We tried to be very discreet and avoid any mention in the press. However, five days before the end of the shoot, a newspaper published an article stating I was directing a new film. The military immediately gave orders to interrupt the shoot. We were instructed to bring them our rushes to be verified. I immediately announced to the official in charge of cinema in Iran that this was out of the question, and that I would not allow a single soldier during the final days of the shoot. Luckily, there were only a few scenes left to shoot, inside a minibus, so we just left the military zone and continued filming sixty kilometers outside of Tehran.

But the difficulties Panahi faced from overzealous authorities is nothing compared to those encountered by the subjects of his movie. They are the female football fans who so desperately want to watch Iran play Bahrain in a 2005 match that would decide which team would go to the World Cup.

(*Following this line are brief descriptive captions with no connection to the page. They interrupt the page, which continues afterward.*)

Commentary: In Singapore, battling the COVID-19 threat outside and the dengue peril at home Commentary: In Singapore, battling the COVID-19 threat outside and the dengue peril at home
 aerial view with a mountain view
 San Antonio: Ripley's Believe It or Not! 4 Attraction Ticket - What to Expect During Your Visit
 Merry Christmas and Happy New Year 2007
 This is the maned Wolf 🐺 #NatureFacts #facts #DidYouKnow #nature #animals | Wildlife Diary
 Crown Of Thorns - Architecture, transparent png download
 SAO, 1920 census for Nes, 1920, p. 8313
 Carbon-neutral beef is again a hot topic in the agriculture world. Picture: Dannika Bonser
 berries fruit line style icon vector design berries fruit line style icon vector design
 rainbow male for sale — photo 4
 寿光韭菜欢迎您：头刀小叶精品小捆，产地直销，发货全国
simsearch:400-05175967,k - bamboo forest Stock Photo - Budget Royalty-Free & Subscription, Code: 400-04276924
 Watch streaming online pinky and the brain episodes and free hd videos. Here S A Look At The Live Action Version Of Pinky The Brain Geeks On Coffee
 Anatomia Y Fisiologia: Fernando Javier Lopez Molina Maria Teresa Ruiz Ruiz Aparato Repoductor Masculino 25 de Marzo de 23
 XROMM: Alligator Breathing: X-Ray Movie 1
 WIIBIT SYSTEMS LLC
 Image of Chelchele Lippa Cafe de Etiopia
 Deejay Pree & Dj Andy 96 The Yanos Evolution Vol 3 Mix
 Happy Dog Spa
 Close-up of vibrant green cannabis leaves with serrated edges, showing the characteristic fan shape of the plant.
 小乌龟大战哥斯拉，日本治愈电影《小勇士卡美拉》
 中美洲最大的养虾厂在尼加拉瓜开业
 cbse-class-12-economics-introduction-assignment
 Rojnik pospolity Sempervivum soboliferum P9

The movie opens on a bus, as Iranian fans make their way to the Azadi Stadium to see the crucial qualifier against Bahrain. The scene is joyous, with fans hanging out the windows and singing, psyching themselves up for the game. But one fan is more nervous than excited. This fan, it turns out, is a she and shes are not allowed into stadiums in Iran.

The female fan (we never find out names of any of the women in the film) is going in disguise, trying to avoid the glare of police at the stadium. But her cover is blown by her own nervousness and she is taken to a holding pen, along with other female football fans.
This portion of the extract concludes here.